Looking down at her own assault rifle, Shepard decided against using it; her hands weren't steady enough right now for her to be able to hit the batarian while he was floating around in there. It took a moment of concentration to form another ball of biotic energy, but she had more than enough time, even in her current state, to detonate the singularity before it collapsed.
Shit. Not good. Not good. Something that simple wasn't supposed to leave her shaking and weak. The stims were already wearing off; the fatigue poisons had built up to the point where the meds weren't making any headway. Not even her Cerberus cybernetic-enhanced body could take this much constant punishment without rest or medi-gel. How many hours had she been fighting? Squinting, she tried to remember. Forty-eight hours? Or maybe it was fifty-six. Too long, however many hours it was.
Shepard gritted her teeth as she moved out from behind the stack and bent to pick up the dead batarian's rifle, stripping out its thermal clip, then rifling through his pockets for more, hoping for a medi-gel. No such luck, but at least she had clips. God, it was a pretty sad day when finding spare thermal clips could cheer her up.
There was nothing on her scanner for the moment, but that didn't mean she was safe. Balak knew she was coming, and he had to be bunkered down somewhere secure. A stupid terrorist he was not.

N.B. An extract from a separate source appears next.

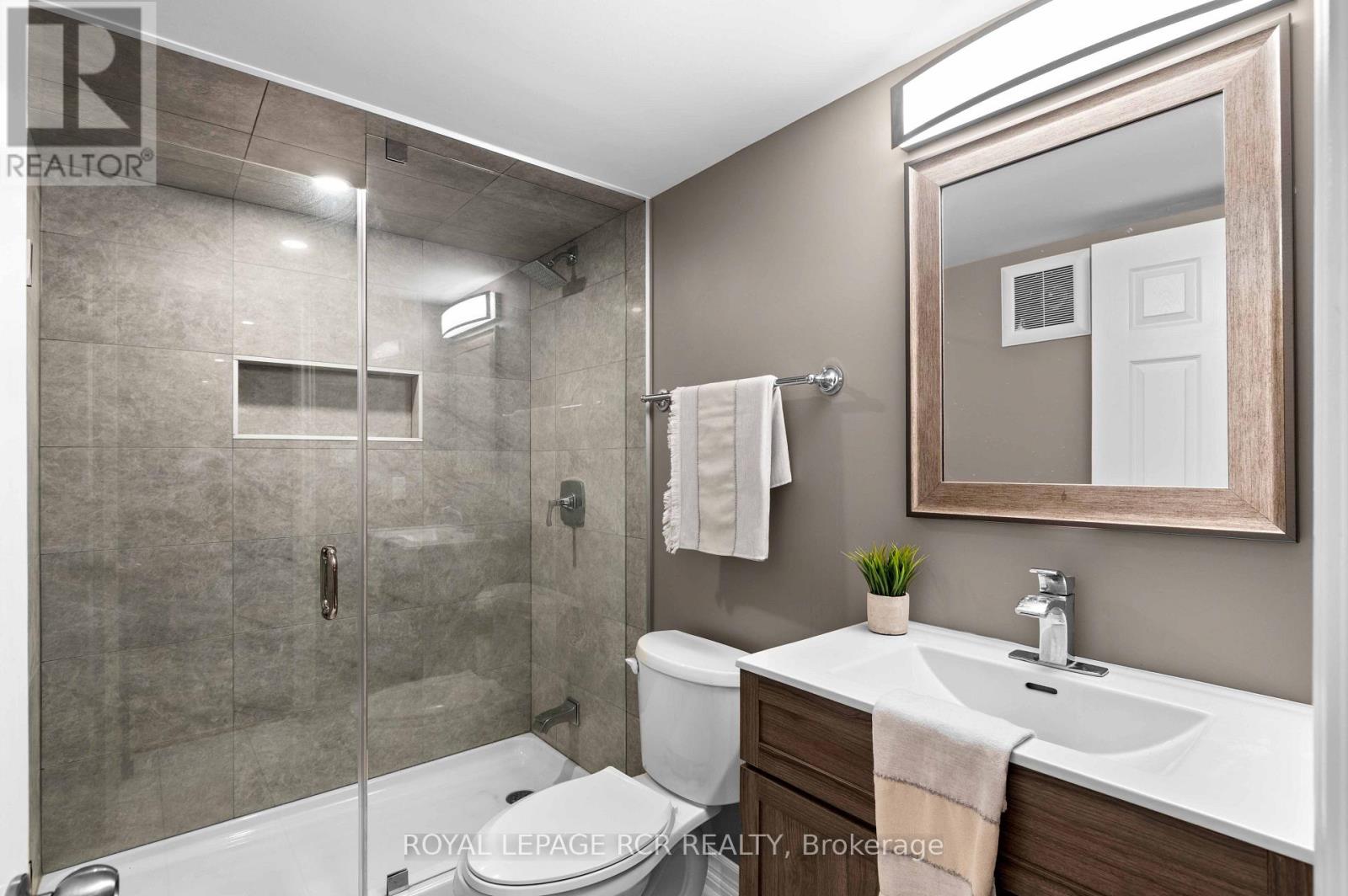 46 HUTCHISON COURT - Image 40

Okay, take a minute, catch your breath, rest. There was a warning hum she could feel in her implant, a slight buzz that tingled in her teeth, telling her she was cutting it mighty close to the edge of her endurance. She had never heard of a biotic's implant shorting out from overuse - you'd pass out first - but she sure as hell didn't want to be the first.
All right, time to get moving. Shepard called up the town hall's blueprints; every colony was built on the same layout, more or less, taking into account things like terrain and stability. There were two exits, one she'd just entered through, and another in the back. Time was she could have a tech expert apply some proximity mines, or some other equally unpleasant surprise - her thoughts veered in a direction she didn't like. Tech attacks had always been her weakness, one she'd compensated for by always bringing along a specialist.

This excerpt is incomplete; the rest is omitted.